Na trama, a Terra enfrenta uma crise energética que irá fazer com que o planeta consuma todos os seus recursos em pouco tempo. Na iminência da extinção, nações colocam as diferenças de lado e lançam um projeto coletivo chamado Shepard, um mega acelerador de partículas que é acoplado na Estação Especial Cloverfield com o fim de gerar energia ilimitada para o planeta. Após dois anos de tentativas fracassadas, a missão finalmente consegue ativar o acelerador, mas algo dá errado durante o processo e nosso planetinha azul simplesmente desaparece. Desesperados, os tripulantes da estação empreendem esforços para entender o que se passa, mas após o acidente com o acelerador, eventos estranhos passam a ameaçar a vida de todos ali dentro.
A premissa é muito interessante, mas o seu desenvolvimento é terrível.
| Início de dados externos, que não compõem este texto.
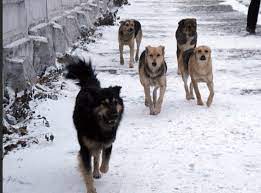 يتكە سىرعا نە كەرەك؟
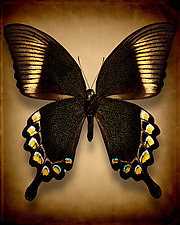 Papilio Blumei (Underside) by Dario Preger (Color Photograph)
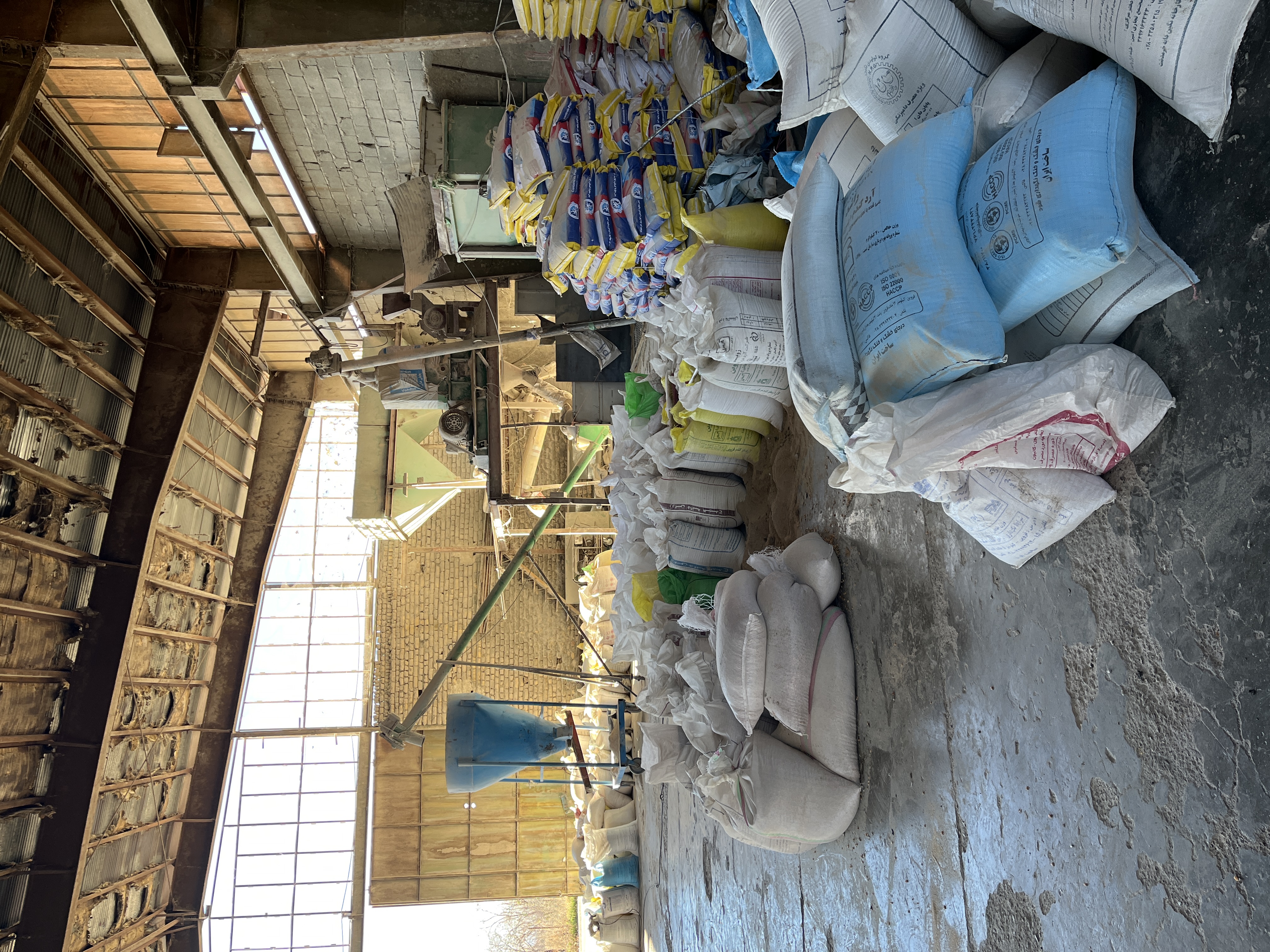 دان‌مرغ تخم‌گذار صادراتی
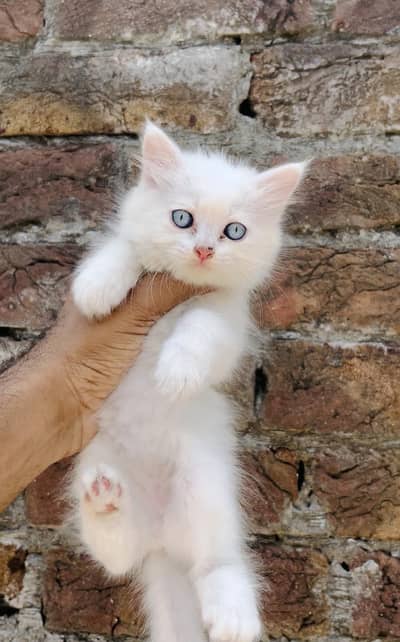kittens what's app : 0302_6247572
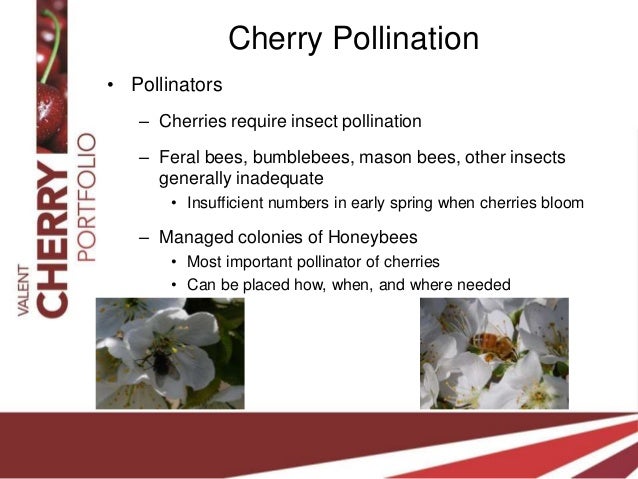 north star cherry tree pollination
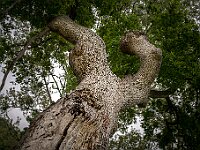 SJC 2019 - 1067 : LensTagger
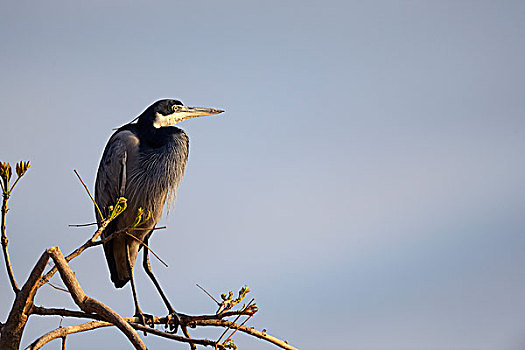 红嘴鸥,苍鹭,栖息,枝条,南卢安瓜国家公园,赞比亚,非洲
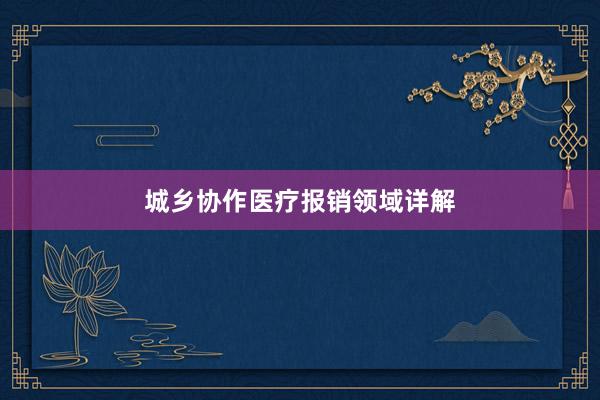 城乡协作医疗报销领域详解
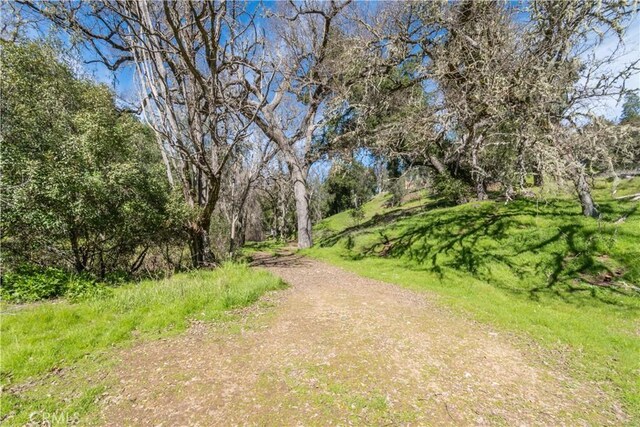 14615 Chimney Rock Rd, Paso Robles, CA 93446 - photo 9
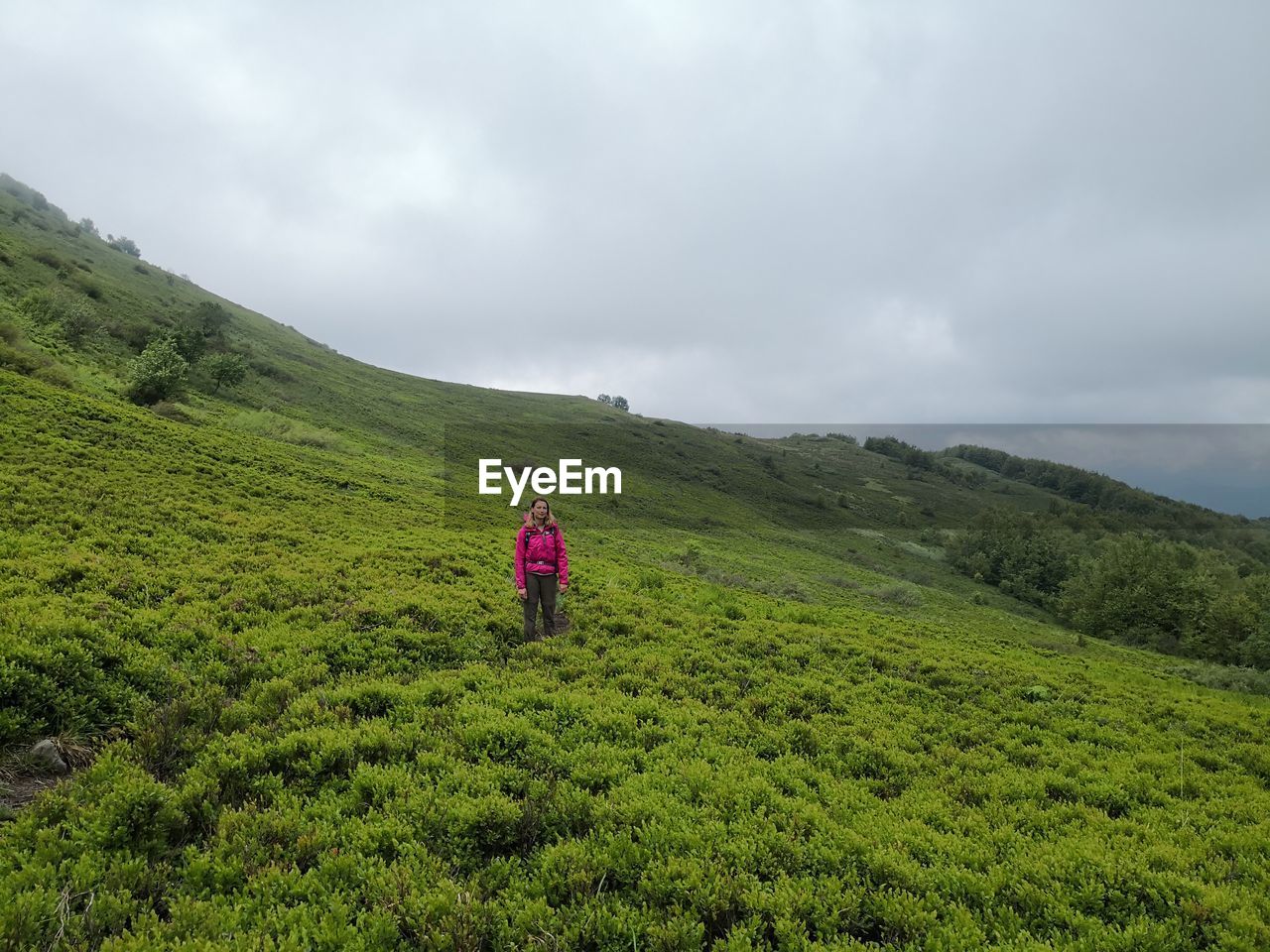 REAR VIEW OF PERSON ON GRASSY FIELD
Logo no início do filme, há uma participação especial de Donal Logue que praticamente chama o espectador de burro. Quem reclama de Christopher Nolan e o excesso de exposição em seus filmes vai se sentir compelido a escrever um pedido de desculpas ao diretor, porque essa cena de Paradox duvida descaradamente da capacidade intelectual de quem está assistindo. Oren Uziel e Doug Jung falham miseravelmente na concepção do acelerador Shepard. A única coisa que fica bem estabelecida é que estamos diante de um acelerador de partículas. Fora isso, nunca fica claro qual efeito o objeto é capaz de produzir. Pior, os efeitos colaterais são extremamente discrepantes. De um objeto capaz de causar rupturas dimensionais, feridas no espaço-tempo contínuo e surgimento de estranhas criaturas, o acelerador produz efeitos semelhantes aos de uma casa mal assombrada, com direito até mesmo a uma mão inteligente e temperamental ao estilo da mãozinha da Família Addams. Seria caótico (no bom sentido) se não fosse estúpido. Entretanto, o pior é a tentativa de forçar o filme a amarrar as pontas e responder grandes questões da franquia. Não que as perguntas sejam facilmente respondidas, mas as respostas são as piores possíveis e fica a noção de que essa integração é gratuita e forçada.
Narrativamente o filme não possui impacto, visto que logo que o planeta some, somos apresentados a uma sub-trama que se passa simultaneamente na Terra, fato esse que diminui o impacto do filme e acaba com qualquer atmosfera de mistério. Essa sub-trama também faz parte da forçada de barra em integrar The Cloverfield Paradox parte de uma franquia e de um universo cinematográfico interdimensional (vou patentear essa expressão) compartilhado. Se essa trama fosse omitida em troca de uma surpresa final ao estilo de M. Night Shyamalan, é possível que esse Cloverfield provocasse uma breve sensação de satisfação. Outro problema grave é que a direção frouxa de Julius Onah falha até mesmo em criar uma atmosfera de suspense para as mortes na tripulação, tripulação essa que é composta de tipos genéricos e que não despertam nenhuma empatia, à exceção da protagonista vivida pela ótima Gugu Mbatha-Raw.
Em resumo, The Cloverfield Paradox não funciona em nada. Não se estabelece como suspense, erra na ficção-científica sendo somente um filme que se aproveitou de uma campanha excelente de marketing e que cuja a única razão de existir é pra integrar e amarrar mal um universo cinematográfico interdimensional compartilhado.